SmartDigiCat : catalyse, sciences des données et IA… L’union fait la force

Posté le par Benoît CRÉPIN dans Innovations sectorielles

Le 31 août dernier a eu lieu, à Centrale Lille, le lancement officiel d’une nouvelle chaire dite « industrielle », baptisée SmartDigiCat. Réunissant acteurs de l’industrie et du monde académique, le projet a pour ambition principale d’unir catalyse, science des données et intelligence artificielle dans un but en particulier : développer des procédés catalytiques plus sûrs et plus respectueux de l’environnement.

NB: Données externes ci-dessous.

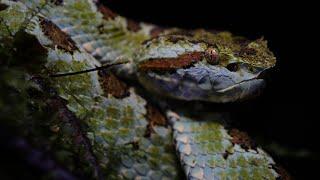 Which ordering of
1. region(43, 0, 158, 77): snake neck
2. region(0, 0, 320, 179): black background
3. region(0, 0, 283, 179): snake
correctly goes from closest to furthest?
Answer: region(0, 0, 283, 179): snake → region(43, 0, 158, 77): snake neck → region(0, 0, 320, 179): black background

La chaire SmartDigicat – pour catalyse digitale intelligente – est portée par l’équipe VAALBIO (Valorisation des alcanes et de la biomasse) de l’UCCS (Unité de Catalyse et Chimie du Solide – UMR CNRS 8181) en partenariat avec le Centre de recherche en informatique, signal et automatique de Lille CRIStAL (UMR CNRS 9189), Inria et les sociétés Solvay, Horiba et Teamcat Solutions.

Financée notamment par la Métropole européenne de Lille et l’Initiative d’excellence Université de Lille, elle a pour but de promouvoir l’innovation ainsi que les partenariats public-privé noués autour d’un défi scientifique et technique : la catalyse digitale. Une approche particulièrement prometteuse pour la recherche, la formation et le développement économique du territoire.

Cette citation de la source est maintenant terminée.